[unios] *NEW* Unios ;)

Tril dem@tunes.org
Wed, 13 Oct 1999 19:02:41 -0700 (PDT)


On Wed, 13 Oct 1999, Beholder wrote:

> On Tue, 12 Oct 1999, you wrote:
> 
> > Copyrighting is not the right term, you can't copyright a word.  You must
> > have meant trademarked.
> 
> I was told that if you put the word copyright on your page, it's name and
> content are "owned".  I added a "Copyright UniOS Group" to the main page,
> ensureing this.

The content is owned, but not the name.  Copyrighting your page is
protection for people mirroring your page without your permission.  If you
were to sue someone for trademark infringement you would have to show that
you were using the name before they were.  But I'm not sure you can even
do that if you aren't using the name in "trade"- i.e. to make money
yourself.

If it's not too late, it's a good idea to try to establish friendly
contact with the unios.org group and work things out. 

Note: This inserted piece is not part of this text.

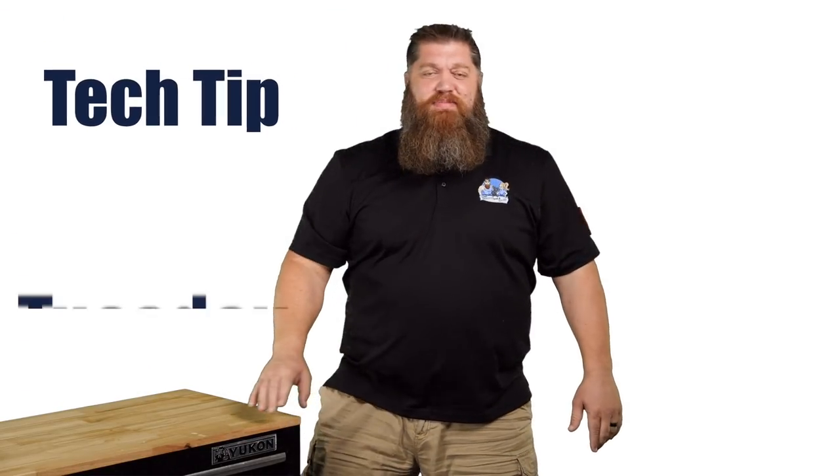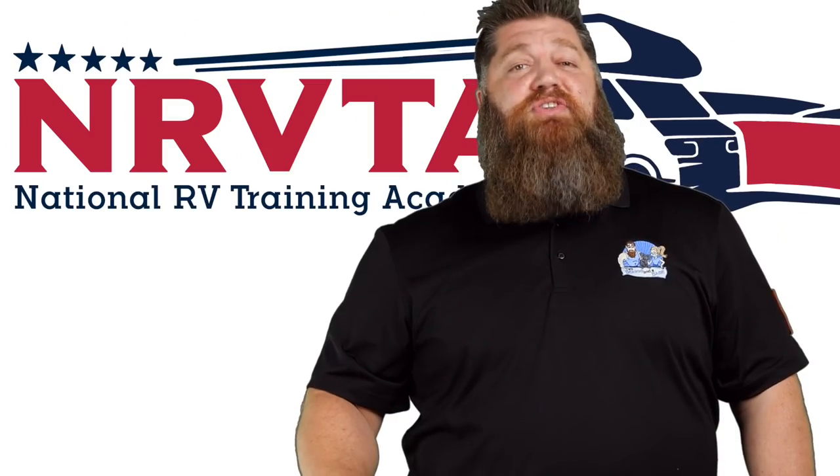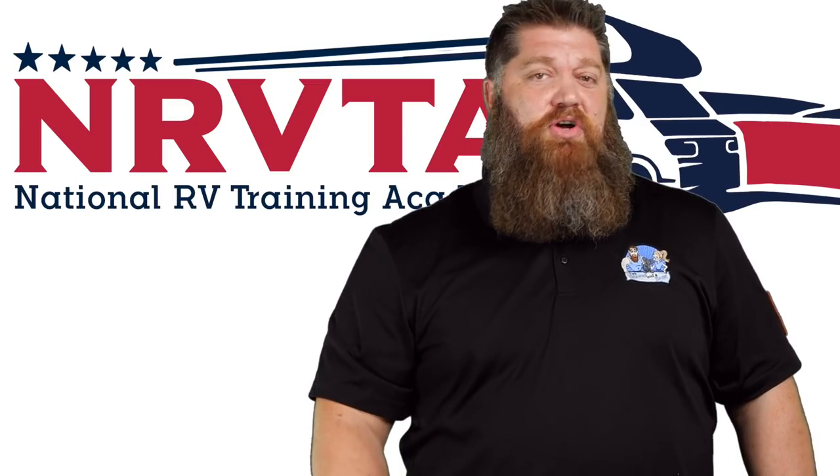Welcome to another Todd's Two Minute Tech Tip Tuesday, brought to you by the National RV Training Academy — the only academy that gives you the credentials to become a certified tech and/or certified inspector.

> > Where does it say it is not open source?  Maybe you assumed it because
> > there wasn't any source linked on the page?
> 
> I've not seen many commercial ventures that choose opensource as the model of
> development.  They are commercial, and thus very likely to not be opensource. 
> Not that it matters either way.  They are using the name for commercial
> purposes, which irks me.  

I didn't see any mention of that either.

> I imagine in your case, something like Microsoft Tunes (all the ideas of
> tunes at $950 copy + $150 per machine that connects to it) would probably irk
> you, and fare a bit.  Especially if they "borrowed" the ideas and then applied
> some sweeping IP on them, then told you, that you couldn't use the names or the
> ideas unless you paid them.
> 
> Maybe it's jumping the gun, but I felt this should be dealt with sooner than
> later (later as in, when they have a real product and their laywers e-mail and
> tell us we can't use the name anymore).

* Try to convince them to join your project instead.
* Change names.
* Ignore the clash and simply make it clear they are different UniOSes.
Sounds silly, right?  There's only supposed to be ONE.  I bet there's more
than just two.  It's a pretty common name.
* Pay them some amount to get the domain from them.  But if they are
commercial- why aren't they using UNIOS.COM??  Anyone know the actual
restrictions on .org domains?

For tunes we already have tunes.org and it's a common english word so
trademark is not likely to hold up.  "Open Source" didn't.

David Manifold <dem@tunes.org>
This message is placed in the public domain.